For me, making time for personal work each day has become synonymous with self-care and vitality. Writing is like having a check-in conversation with someone who loves you. Photographing is like zen meditation that calls for confidence, awareness, and connection. And the experiments I make with photographs, collaging, and mark-making are a way let myself be curious about and express the things my subconscious is drawn to: the wild feminine, nature, and mythology.

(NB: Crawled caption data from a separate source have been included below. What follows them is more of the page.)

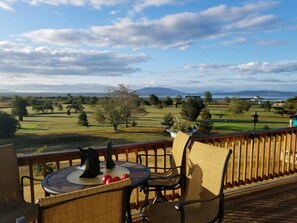 Un balcón con sillas de mimbre y una mesa, con vista a un campo de golf y una masa de agua.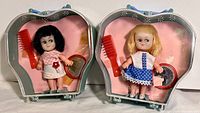 Two Cutie Pie dolls in their original apple-shaped plastic packaging with hair comb and mirror accessories visible.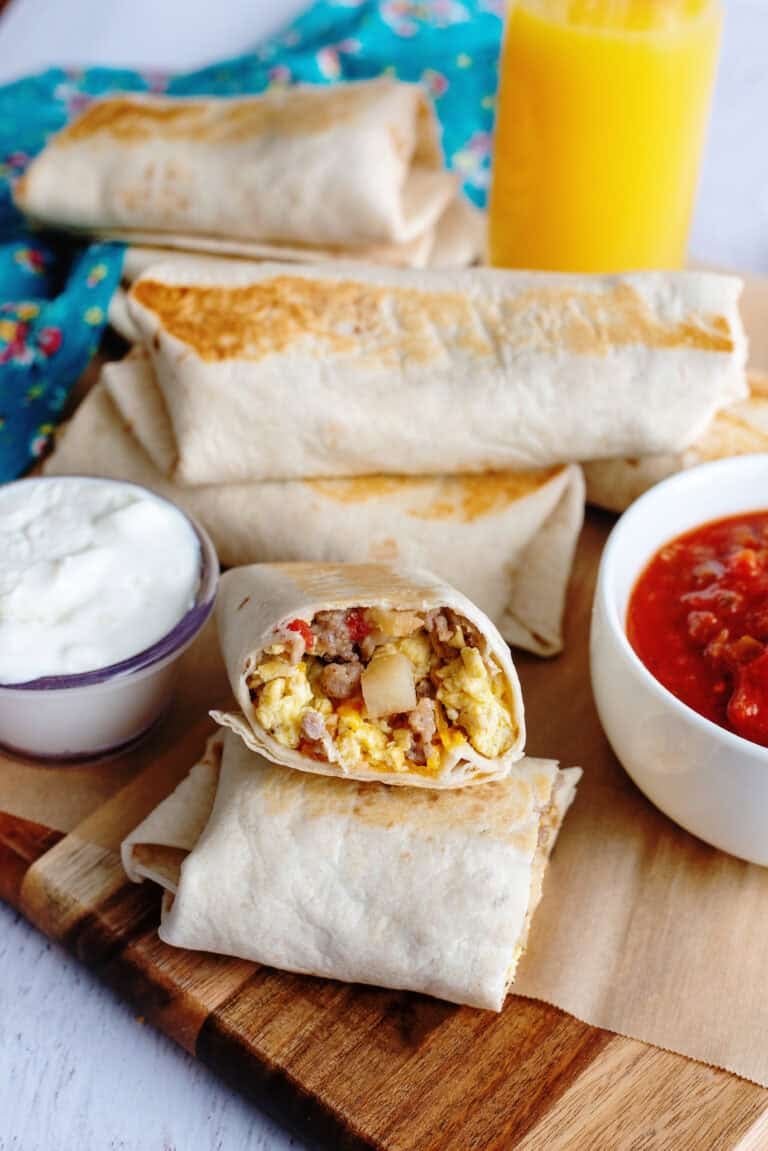 A serving tray of grab and go breakfast burritos with dip and salsa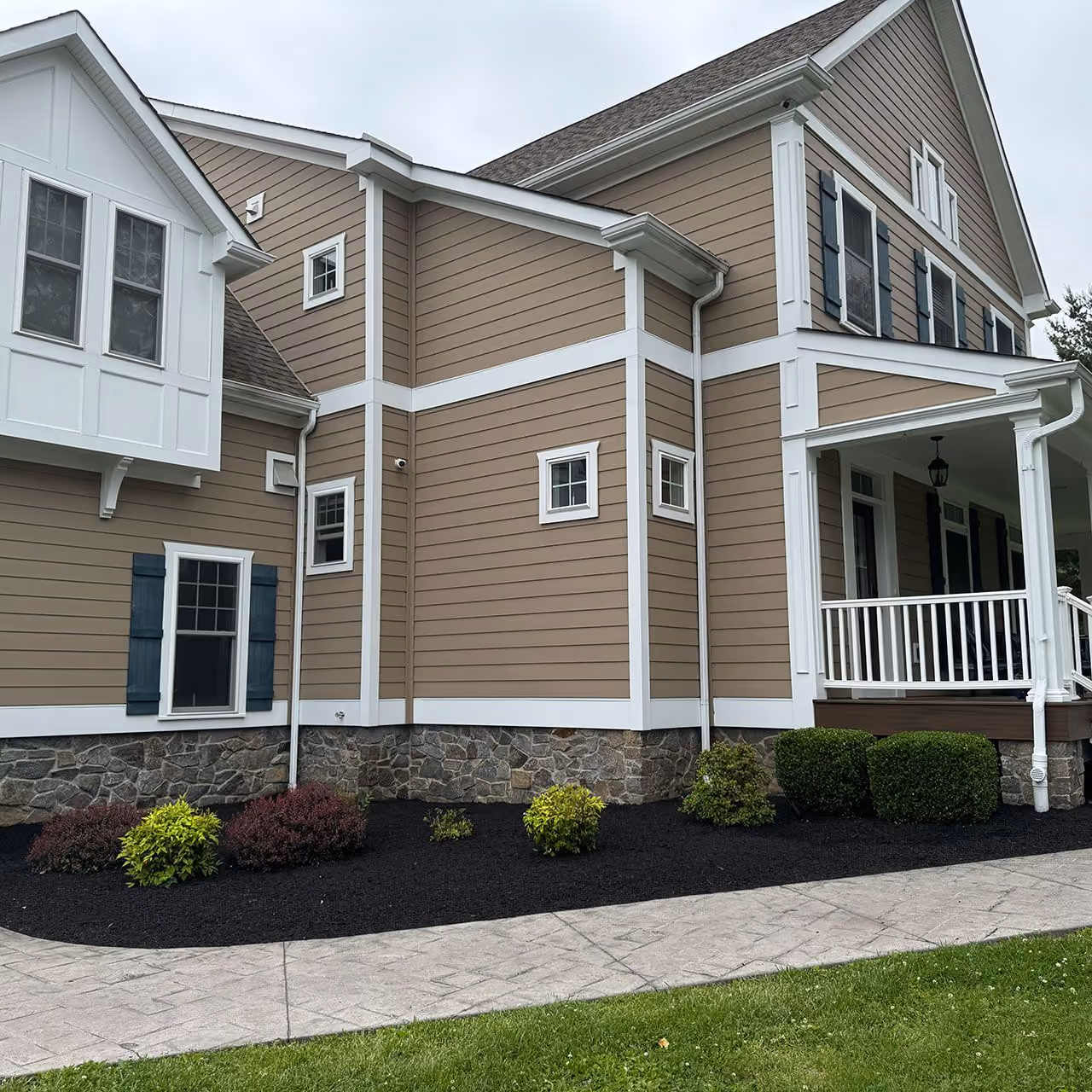 Landscape bed maintenance by Morrisroe Landscaping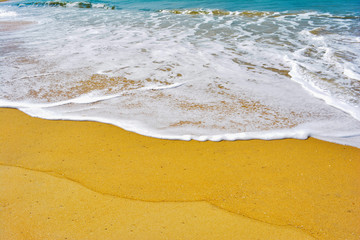 Soft wave lapped the sandy beach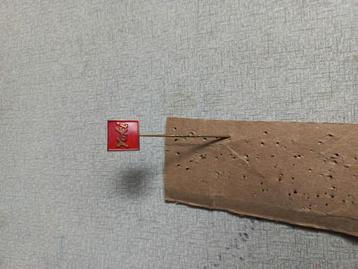 Metalen speldje van "Yoki" beschikbaar voor biedingen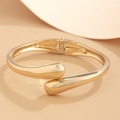 Polished gold irregular teardrop bangle with spring hinge closure on a beige background - Wrap Around Teardrop Hinged Style (2426)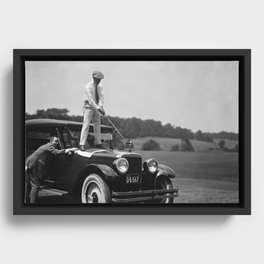 Pro golfer hitting golf ball off vintage car hood ornament on a dare par one 18th hole funny black and white golf sport photograph - photography - photographs Framed Canvas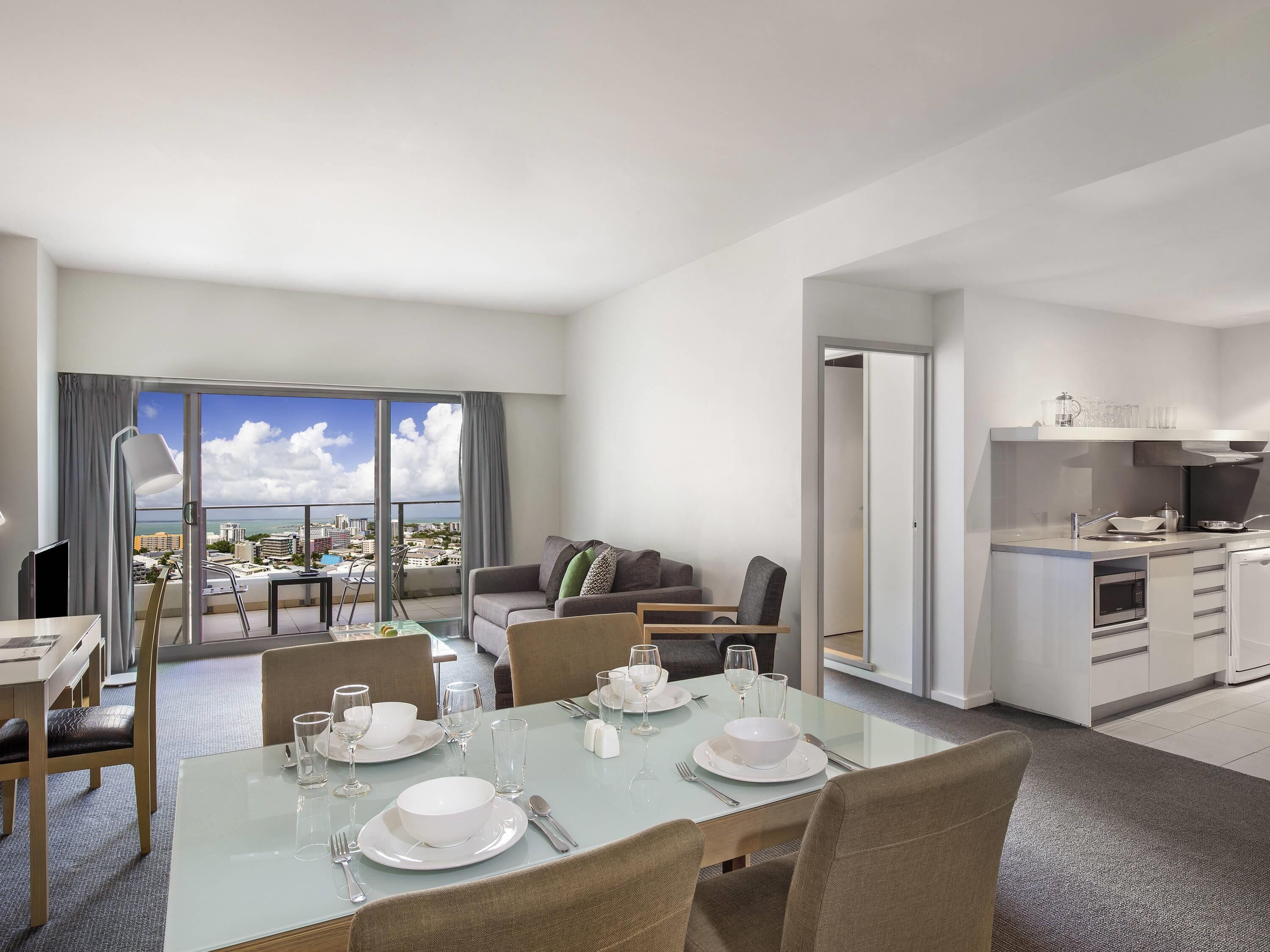 A modern hotel room with a dining area, a living room with a view, and a kitchenette.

Making the time is simple: I say, “At 8 p.m. tonight I’m going to sit down and write in my journal.” “At 3 p.m. tomorrow I’m going to ask my friend if we can make some portraits in the woods.” It’s the excuses for not doing that make it complicated, and those are endless. No matter what the medium, I think the real task is to show up and be confident (or fake being confident)—even if we don’t feel ready. We’re never going to feel ready. No one around us feels ready. We’re not going to like everything we make; sometimes it’s ugly and awkward and misses the mark. But I think something that’s second nature in writing that can carry over to visual arts is that we rarely get things right on the first try. There’s a rough draft, revision, first draft, revision, second draft, revision, revision, revision, until it’s tight. Most people don’t punish themselves for not getting a piece of writing right on the first try—why should it be any different with a painting or photograph?
And speaking of tasks: I think the gap between vital and nourishing personal work and work created for clients isn’t as gaping as it’s made out to be. I struggle with this one a lot since the photographs I’m currently making for clients are oriented towards travel and adventure, which I enjoy doing, but not necessarily photographing. But since there’s no shame in paying the bills, I do the work with the mindset that it’s a way to put my personal stamp of authenticity on something. When we’re hired to do creative work, we’re hired for that bit of our personality that shines through—as an artist there’s this delicious prospect of being a tastemaker that I can take full advantage of, even while working professionally. Hopefully, we’ll look back someday and see that everything we personally make is connected.
Above all, we should understand that our creating inspires others. My own vulnerability has been propped up so many times in part by the choices of the confident makers around me—those women who are drawing, photographing, singing, writing, and whatever else, without apology. And that same vulnerability has become an asset that helps guide me through the toughest parts of a project. The fear we feel of expressing what’s going on in our inner worlds passes, and the outer world is better for us having done it.